Towards the end of my Saturday pre-show sprint, I ran into a guy casually-dressed guy, sloppily concealing his gun and spare magazines and wearing one of those Secret Service-style earpieces. Initially I didn’t think too much about him until I saw another guy in a suit, with an ill-fitting jacket thanks to all the stuff on his waist and a matching radio earpiece. Somehow I knew his pocket dump would dwarf mine.
“Hmm, someone important is here,” I thought to myself. So I followed them and not twenty yards later, I ran into this guy and introduced myself just as they were about to start the National Anthem.
A half-hour later, I ran into them again before it got too crowded.
In talking with a couple of police officers in the press room as I waited to start the day, I found out Donald Jr. spent a day or two hunting near Crawfordsville, Indiana earlier in the week. The cops mused back and forth on the surprisingly small Secret Service protective detail traveling with him.
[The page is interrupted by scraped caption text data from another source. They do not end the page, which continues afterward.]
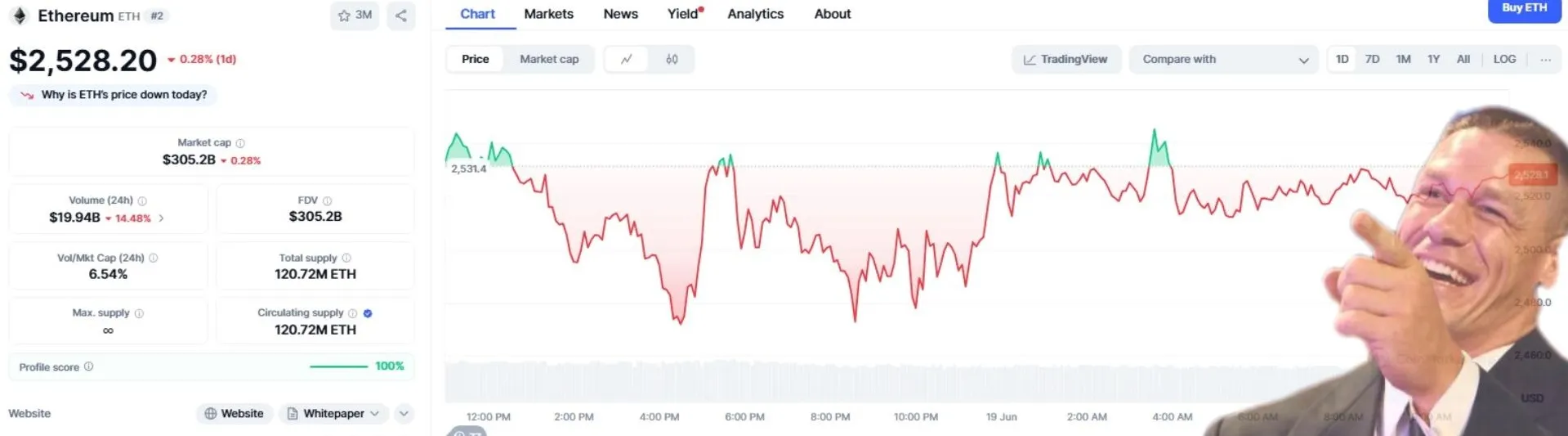 Ethereum price chart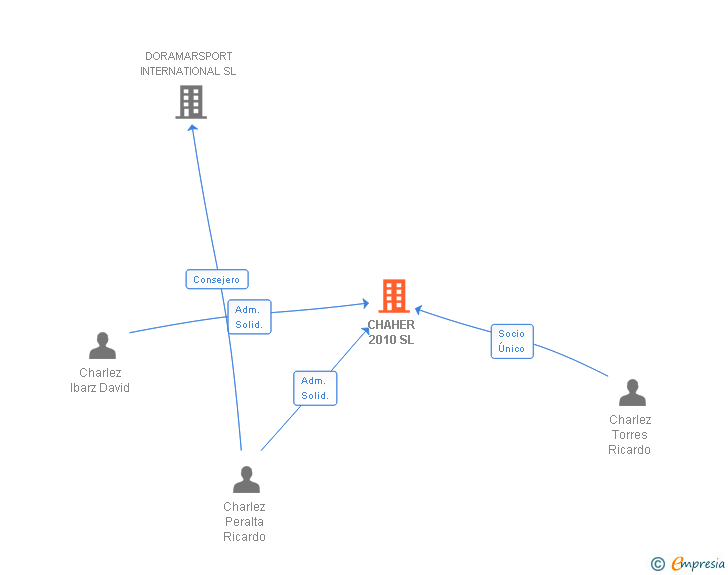 Vinculaciones societarias de CHAHER 2010 SL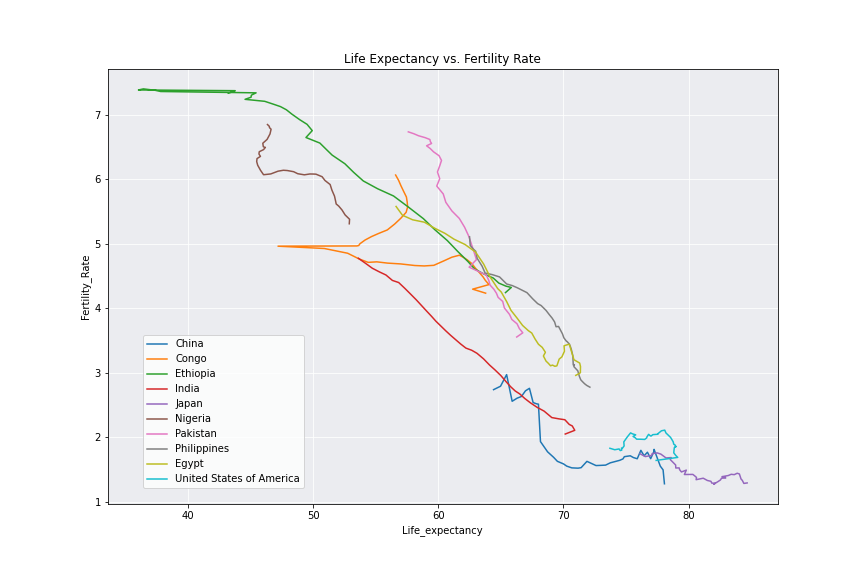 Fertility Rate vs Life Expectancy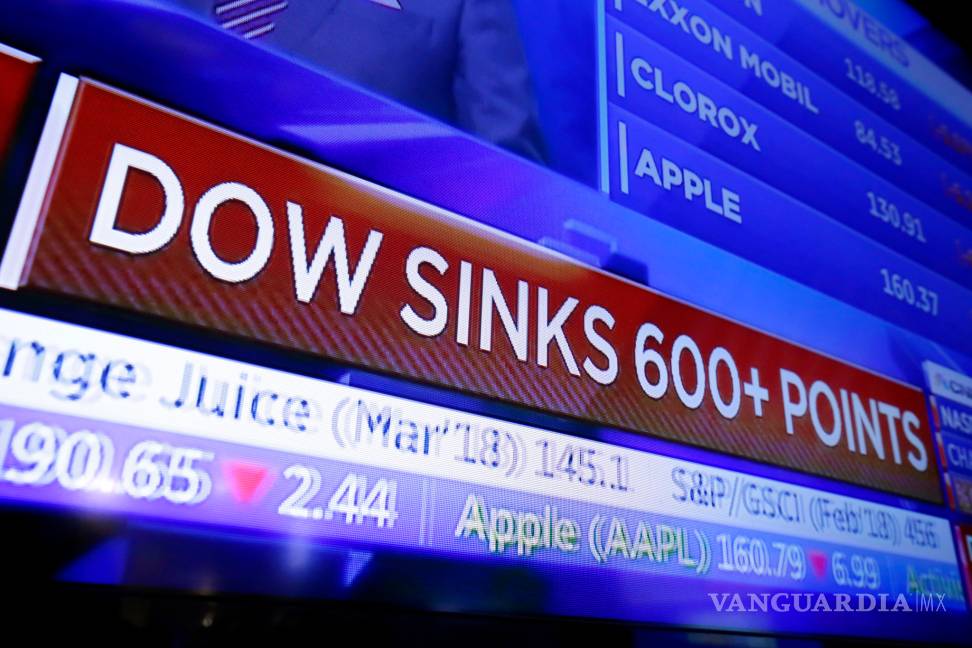 Índice Dow Jones cae por debajo de los mil 500 puntos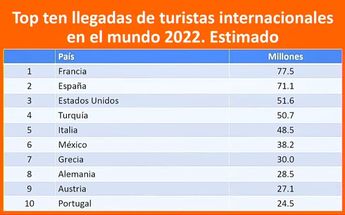 Estimaciones de países más visitados del mundo/ Especial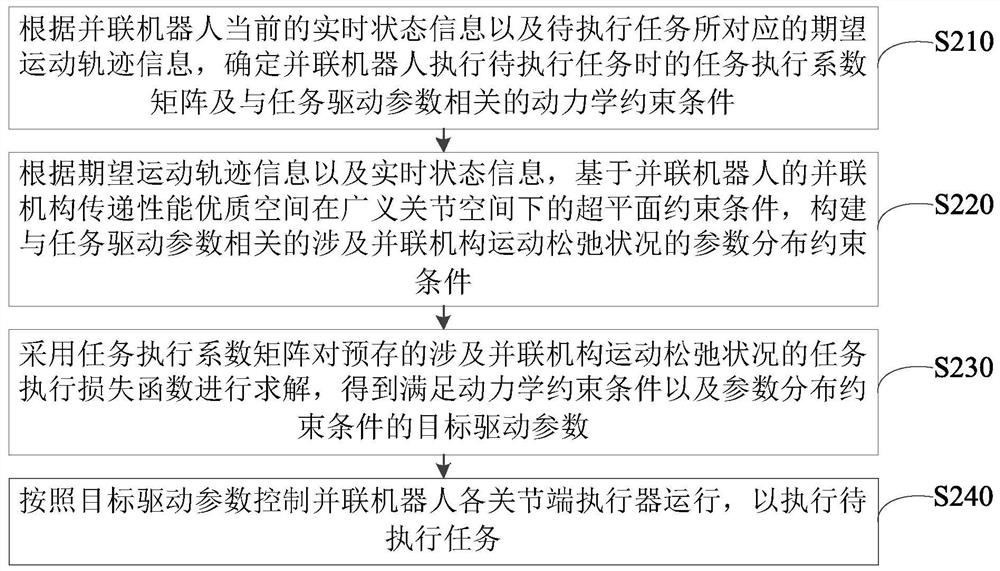 Robot motion control method and device, robot control equipment and storage medium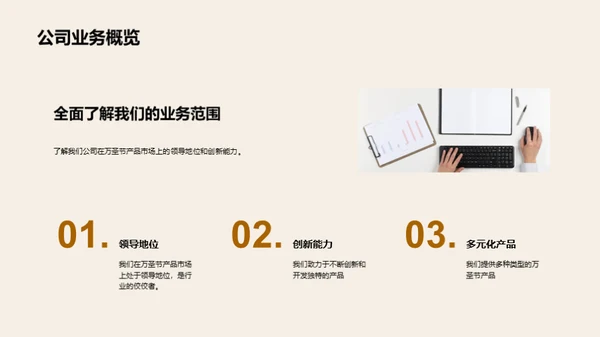 万圣节新品发布盛典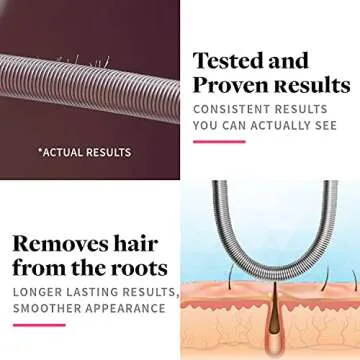 R.E.M Spring Facial Hair Remover - Precision & Safety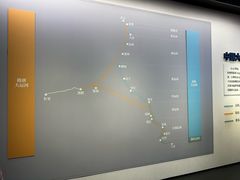 -中国京杭大运河博物馆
I chuckled and said Junior probably carries and, not only that, he probably shoots pretty well himself. In the interests of security I’ll leave the rest of the details out as well, even though all of the above have probably been publicly discussed before.
Meanwhile, among the exhibitors, just about everyone you can think of in the gun world had a booth. Of course, all the big companies like GLOCK, SIG, Beretta and others had massive, elaborate set-ups with scores of guns for people to handle along with neat displays.
Sadly, sloppy muzzle control seemed the norm for most and more than once I smiled and nodded a thank you to people who consciously avoided muzzling me.
Along with all the big companies, hundreds of smaller vendors showed off their products, too, hoping to get noticed to become the next Smith & Wesson or Springfield Armory. A handful of booth babes drew small lines for signed promo pictures and/or posters. I had a lot more respect for companies that had war heroes signing photos.
The biggest lines I saw, though, waited to see Chuck Norris at the GLOCK booth. Like the late great Gunny, Norris seemed to genuinely enjoy spending time with his fans.
Frankly, I was kind of surprised by Norris. I expected a larger-than-life guy. Instead, I saw a guy that was probably about 5′ 8″ and weighed about 160 pounds or so. He looks to be in pretty good shape for a 79-year-old guy.
Norris, even with his reputation as a seriously tough guy had armed protection, which surprised me. “Chuck Norris needs bodyguards?” I thought to myself. My wife said much the same when I mentioned it to her. Not just one or two, either. It looked to me that Norris had more “executive protection specialists” than the President’s son. And Norris’ guards looked a lot less friendly, I might add.
I took advantage of some of the breakout sessions to learn some valuable information from some of the best trainers in America. When you go to the NRA convention, make sure you save some time for the training sessions. It gives you a chance to sit and rest your tired legs from all the walking while learning from some great instructors.
And then there’s all the people. I ran into one of my groomsmen (both times) as he walked out of a bathroom. I bumped into my best man (both times) and plenty of other good friends as well. People from all across Illinois and beyond.
That’s the great thing about the NRA Convention…you’re bound to run into someone – or a lot of someones – you know there.
Next year, the NRA’s Annual Meetings will take place in Nashville again. If you live anywhere in the Midwest, I encourage you to make plans to attend. Not only is Nashville a great (and very gun-friendly) venue, but the Country Music Hall of Fame is right across the street and the main touristy parts of Nashville are only a block or three away. It makes for a great place to enjoy the local scenery for lunch and then go back to browsing guns and gear.